M.K.S.A (Mager Kepanjangan, Singkat Aja)
Intinya… RUU Perampasan Aset belum dibahas serius meski penting untuk menyita aset hasil kejahatan tanpa putusan pidana. Dukungan publik kuat, tapi terhambat kepentingan politik. Keberhasilan RUU ini tergantung komitmen elite dan kontrol hukum yang ketat.
Intinya… RUU Perampasan Aset belum dibahas serius meski penting untuk menyita aset hasil kejahatan tanpa putusan pidana. Dukungan publik kuat, tapi terhambat kepentingan politik. Keberhasilan RUU ini tergantung komitmen elite dan kontrol hukum yang ketat.
Rancangan Undang-Undang (RUU) Perampasan Aset kembali menjadi sorotan publik setelah bertahun-tahun tertunda pembahasannya. RUU ini dirancang untuk memungkinkan negara menyita aset yang diduga berasal dari kejahatan, termasuk korupsi, tanpa harus menunggu putusan pidana (non-conviction based asset forfeiture). Meski telah dibahas sejak era Presiden Susilo Bambang Yudhoyono dan sempat masuk dalam Prolegnas Prioritas 2023, RUU ini hingga kini belum juga disahkan.
Menteri Hukum Supratman Andi Agtas menyatakan bahwa pembahasan RUU ini membutuhkan konsolidasi dengan partai politik dan fraksi di DPR. " Butuh waktu yang cukup untuk kami mengkonsolidasi semua kekuatan partai politik," ujarnya. Pemerintah mengklaim memiliki komitmen untuk membahas RUU ini, termasuk koordinasi dengan KPK, Kejaksaan Agung, dan PPATK. Namun, hingga Mei 2025, RUU ini hanya masuk dalam daftar Prolegnas jangka panjang 2025-2029.
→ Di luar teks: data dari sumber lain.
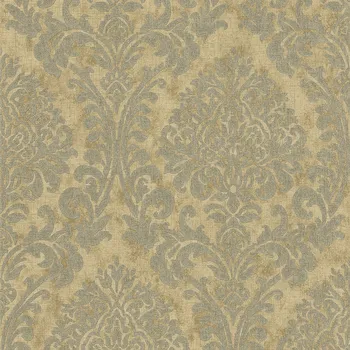 Tapeta Hnědá vliesová tapeta s ornamenty A50102, Vavex 2024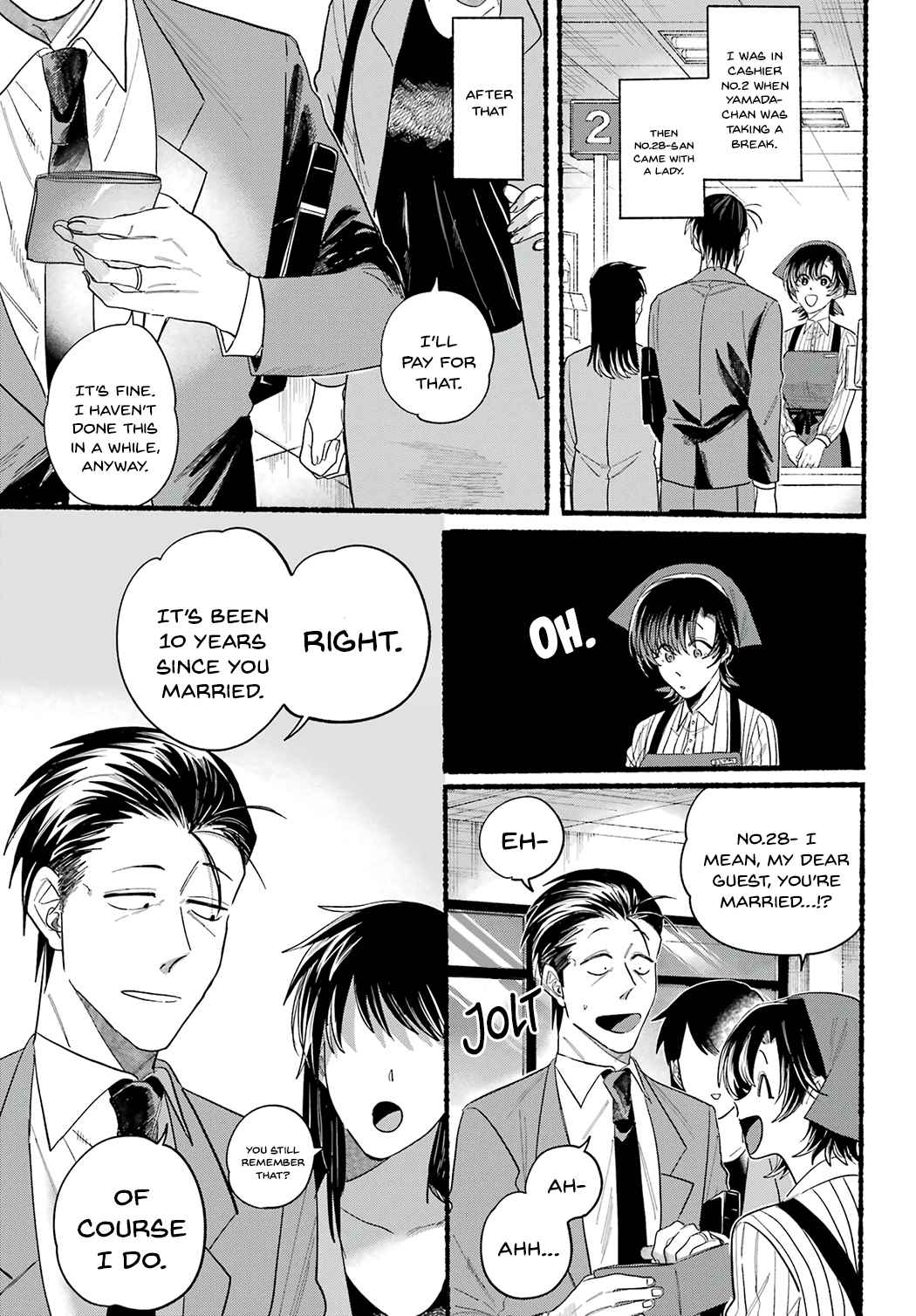 A Story About Smoking at the Back of the Supermarket Chapter 25 page 7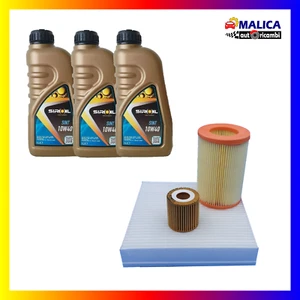 Kit Tagliando Smart 450 ForTwo 600 700 cc 1998-2004 + 3L Olio Siroil 10W40 - Foto 1 di 8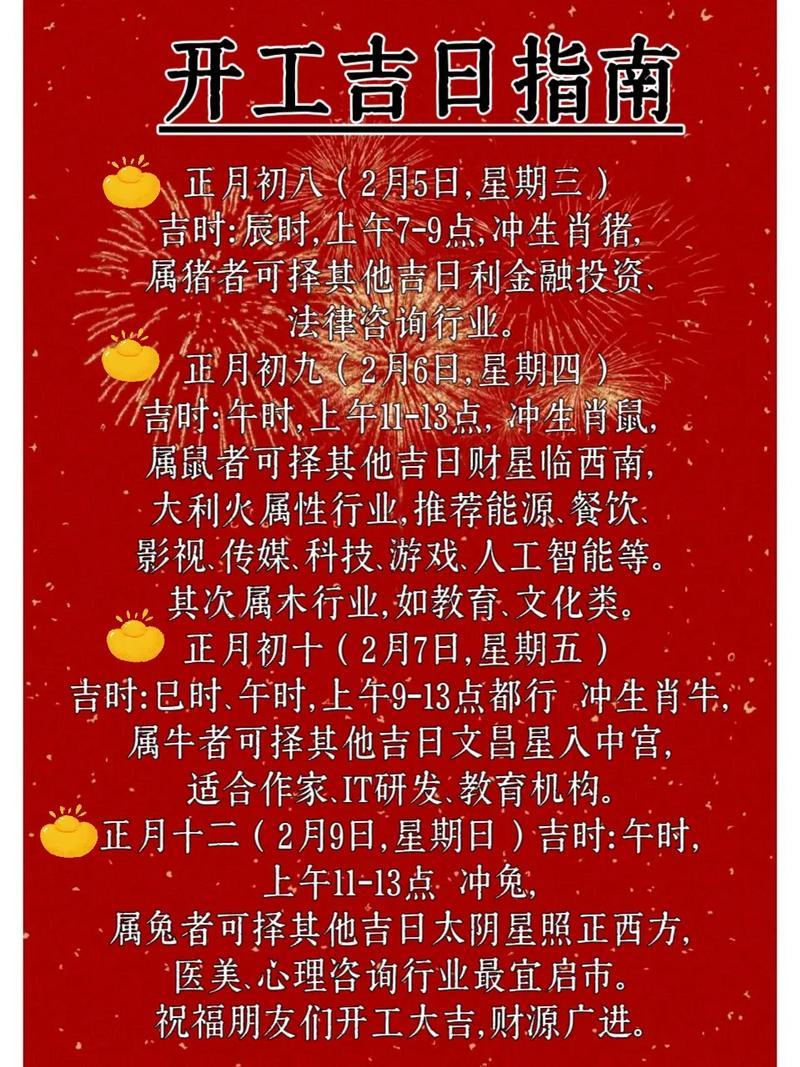 2025年10月開業(yè)吉日宜忌分析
Dukungan terhadap RUU ini datang dari berbagai pihak yang melihatnya sebagai solusi untuk memutus motif ekonomi korupsi dan mengembalikan kerugian negara tanpa proses pidana yang panjang. Namun, ada juga kekhawatiran mengenai pelanggaran prinsip presumption of innocence dan potensi penyalahgunaan sebagai alat kekuasaan. Desakan publik pun semakin kuat, dengan RUU ini menjadi salah satu tuntutan dalam aksi unjuk rasa 'Indonesia Gelap' waktu lalu.
Dari analisis TALAS, RUU Perampasan Aset dinilai sebagai terobosan hukum yang progresif. Konsep non-conviction based asset forfeiture telah sukses di banyak negara dan dapat mempercepat pemulihan aset negara. Namun, keberhasilannya sangat bergantung pada kemauan politik elite. Di sisi lain, tantangan muncul dari perspektif konservatif yang menekankan perlindungan hak individu dan perlunya sinkronisasi dengan KUHAP.
Proses pembahasan yang lambat mengindikasikan adanya resistensi dari kalangan politik, mungkin karena kepentingan tertentu. Pertanyaan "Siapa yang takut dengan RUU ini?" mengarah pada dugaan bahwa koruptor dan elite yang memiliki aset tidak jelas menjadi pihak paling terancam.
RUU Perampasan Aset memiliki potensi besar untuk memberantas korupsi secara efektif, tetapi implementasinya membutuhkan komitmen politik yang kuat dan mekanisme kontrol yang jelas. Tanpa dukungan nyata dari pemerintah dan DPR, RUU ini berisiko tetap menjadi wacana tanpa realisasi. Masyarakat dan lembaga antikorupsi terus mendorong agar RUU ini segera dibahas dan disahkan sebagai bukti keseriusan negara dalam memerangi korupsi.